« What gets measured gets improved » dans l’IT d’entreprise

Cela fait des années que Peter Drucker a formulé sa remarque de bon sens pour le management. C’est la raison d’être de nombreux emplois dans les Directions Administratives et Financières.

Bizarrement, il semble que les systèmes d’information et de communication d’entreprises échappent souvent à ce principe. La plupart des supervisions se limitent à la disponibilité, up or down, souvent en central.
Avec le temps, j’en suis venu à penser qu’il y a une convergence de facteurs qui conduisent à ce triste constat. 

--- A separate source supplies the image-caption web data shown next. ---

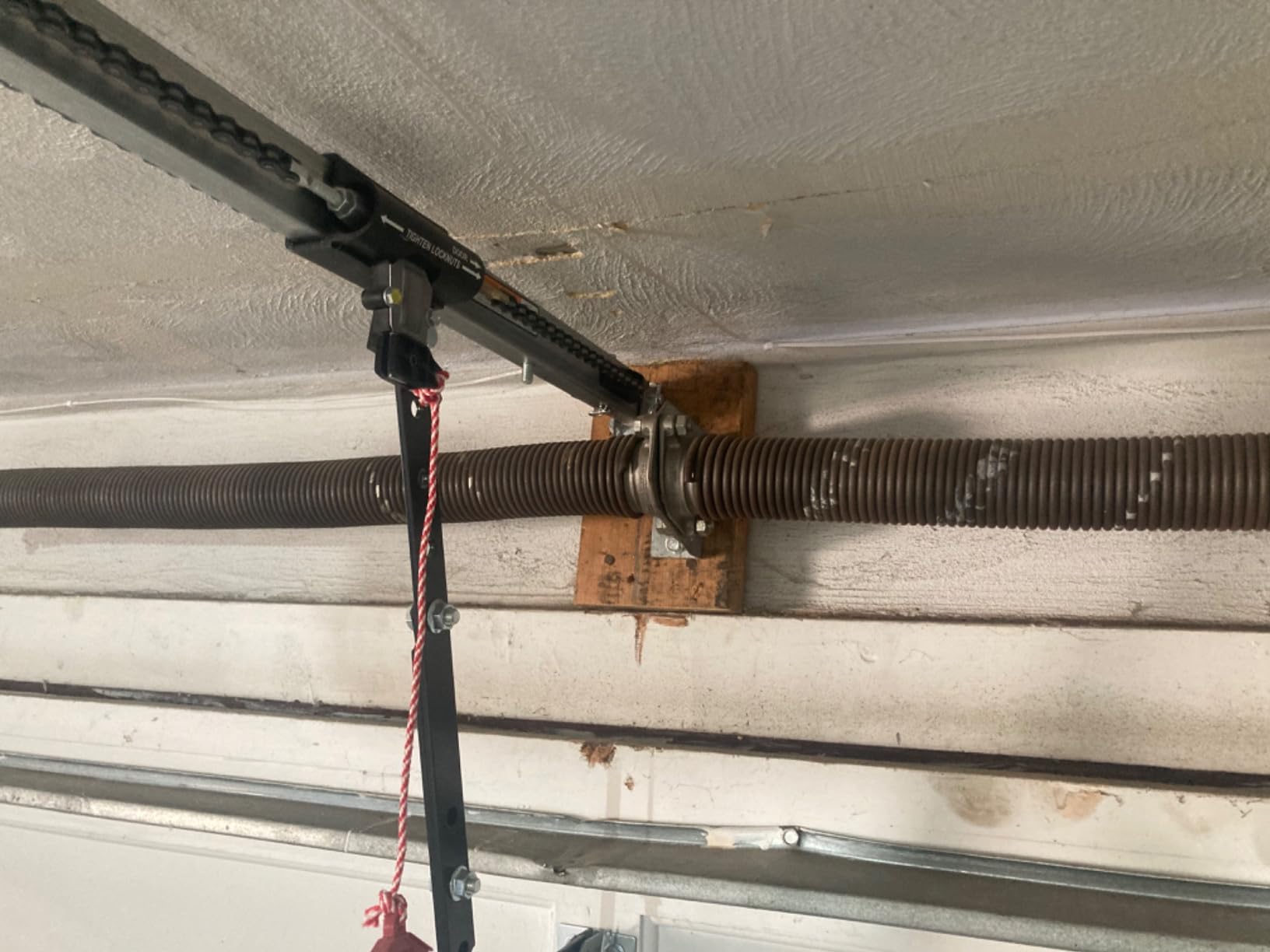 Genie Chain Drive 750 3/4 HPc Garage Door Opener w/Battery Backup - Heavy Duty - Operate your garage door when the primary power is out - Wireless Keypad Included, Model 7035-TKV,BLACK customer photo 1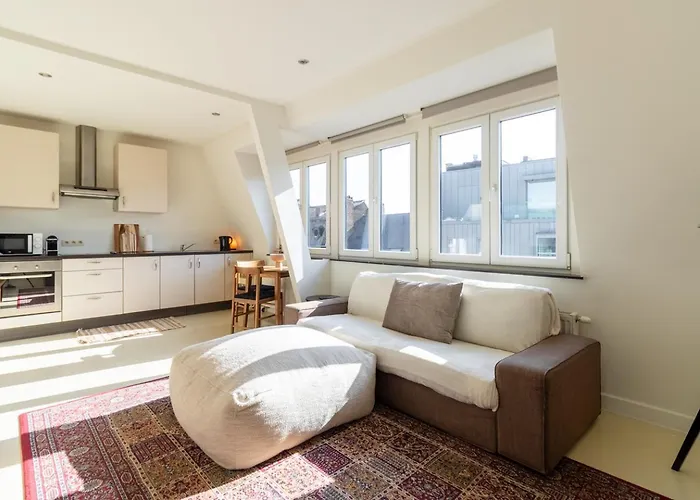 Bright, Spacious & Perfectly Located In The Heart Of * Gent
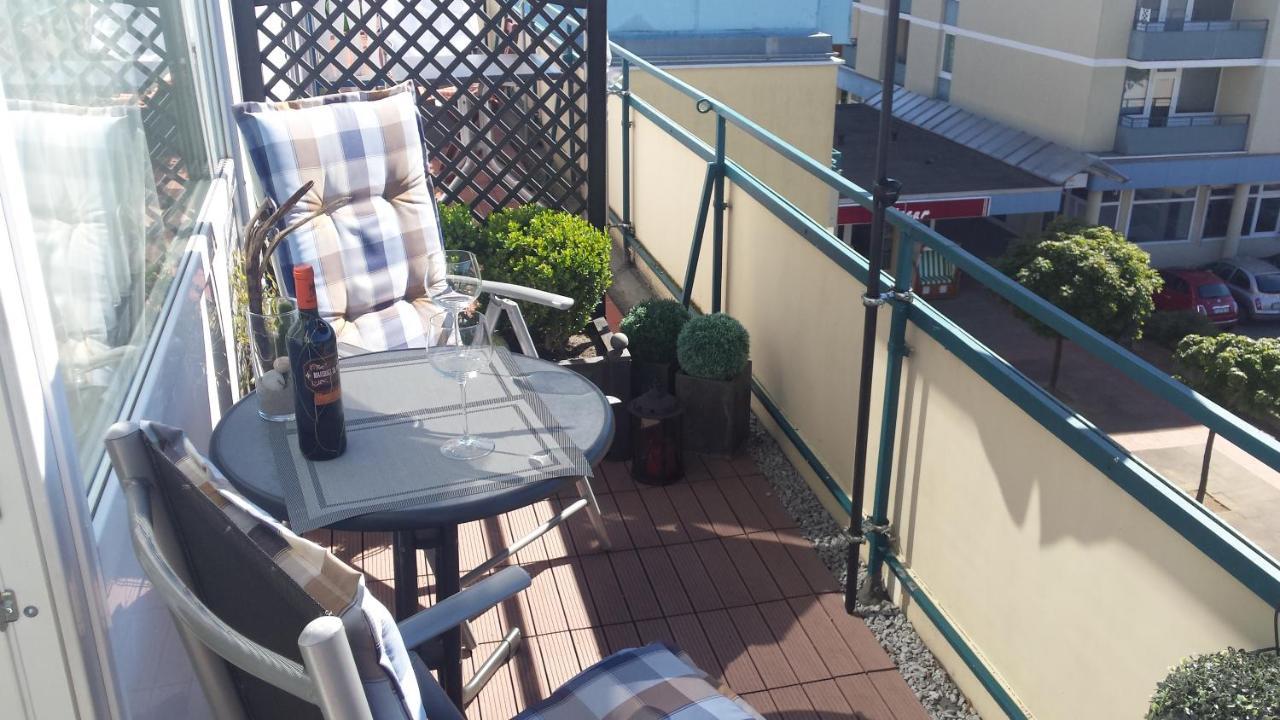 Penthouse Ferienwohnung Auszeit, Gerne Mit Hund, Wlan Inkl. Laboe Exterior foto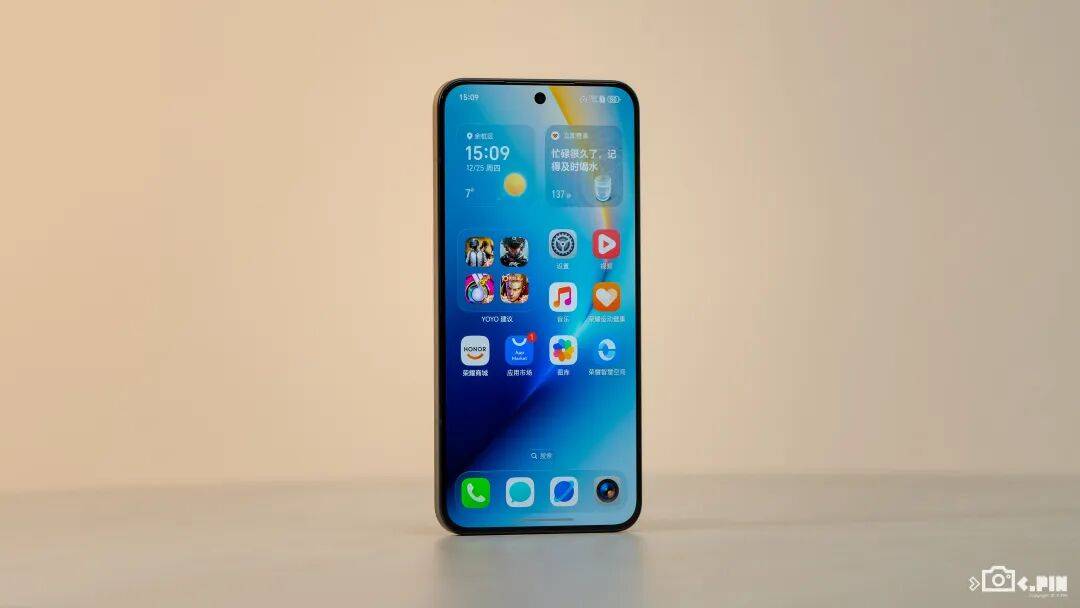 10000mAh电池的手机，被荣耀给做出来了。。。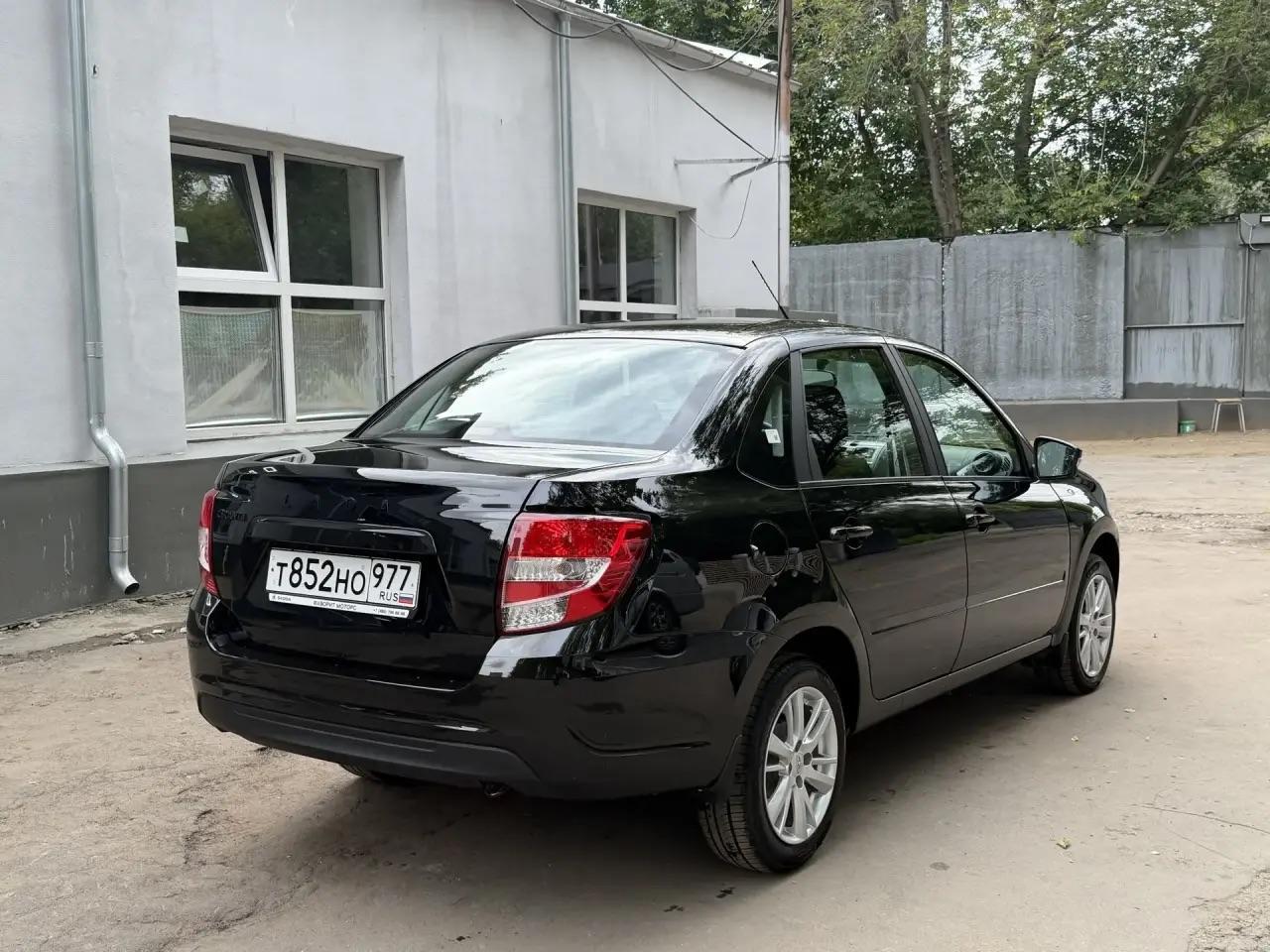 фото автомобиля 1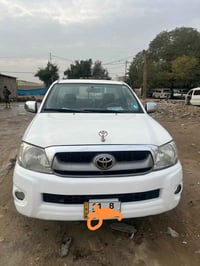 بيكم هايلوكس خمسه جنكال رقم بغداد بسمي موديل 2011 مكفوله ماعده بارد بي...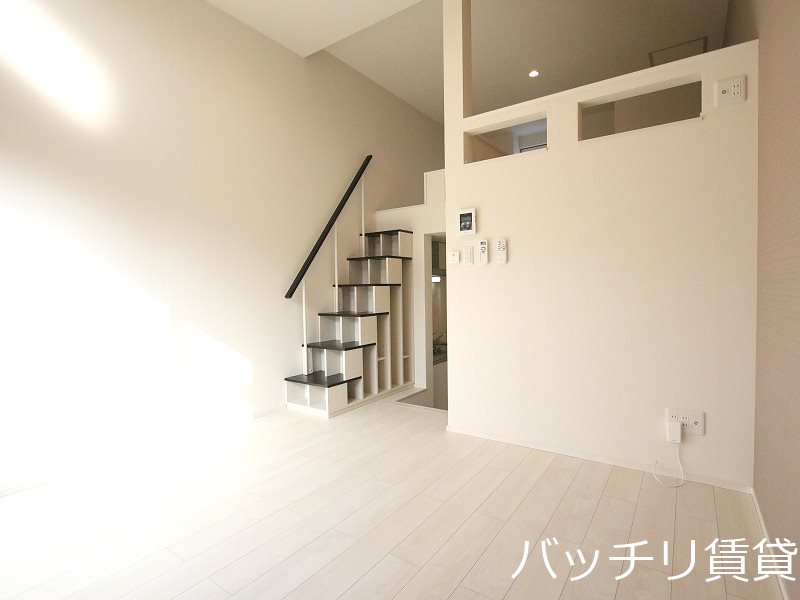 居室・リビング　同型タイプの為、現状を優先致します。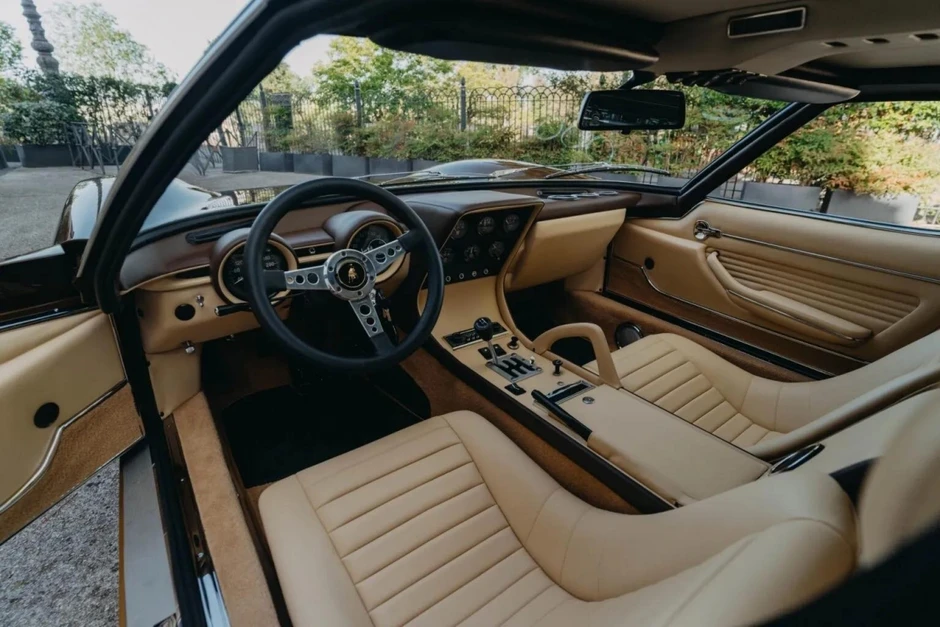 Lamborghini Miura SV phục chế trong 3 năm, tái hiện màu sơn nguyên bản độc đáo Lamborghini Miura SV phục chế trong 3 năm, tái hiện màu sơn nguyên bản độc đáo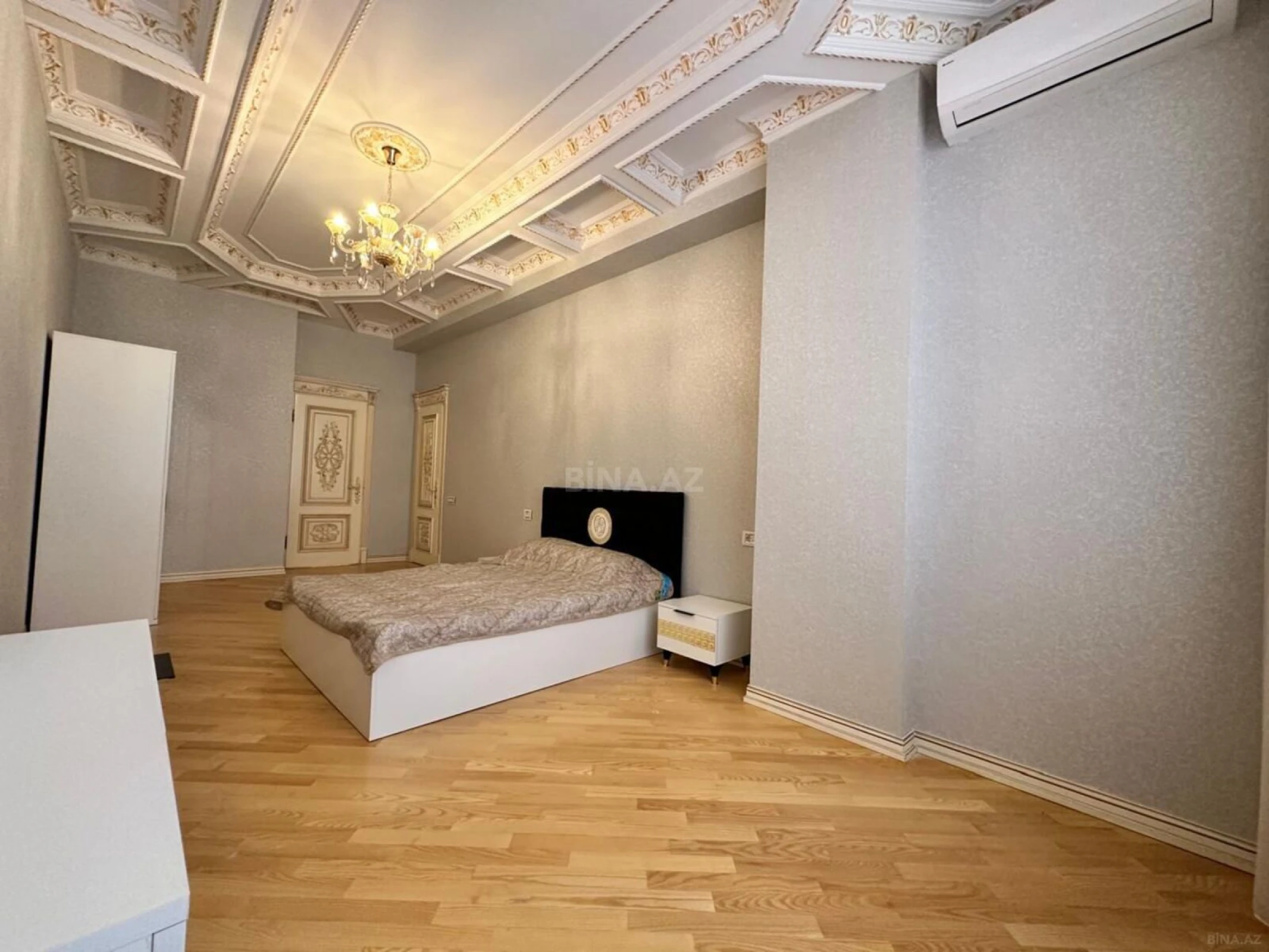 Satılır 3 otaqlı mənzil 166 m²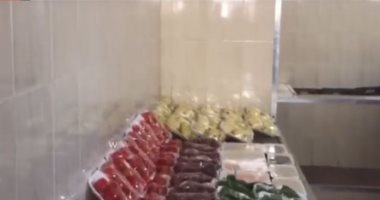 فيديو.. وفود برلمانية تتأكد من جودة وجبات السجناء فى برج العرب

  1. La fréquence des mesures doit être beaucoup plus grande. Là où des indicateurs mensuels ou hebdomadaires sont la règle, les temps de réponse, applicatifs ou réseaux, varient de minute en minute. Comme pour les centres d’appels, il faut un outillage spécifique, assez différent des bases de données relationnelles auxquelles l’informatique d’entreprise est accoutumée.
    Cela conduit ensuite aux problèmes suivants.
  2. Qui va construire et maintenir ce système de métrologie ? Le cas le plus simple sur le papier est celui des fournisseurs SaaS. Mais si tous mettent en place des métrologies en propre, elles ne couvrent pas toute la chaîne du service de bout en bout. Internet et vos WAN et LAN notamment sont pourtant des « fauteurs de troubles ». De plus, les fournisseurs SaaS sont loin de tous publier les résultats de leur métrologie de peur d’être pris en défaut par rapport à des SLA contractuels ou simplement d’écorner leur image de marque. Donc SaaS ou applications hébergées en interne, si on veut mesurer les performances perçues par les utilisateurs, il faut des points de mesures depuis les locaux de l’entreprise.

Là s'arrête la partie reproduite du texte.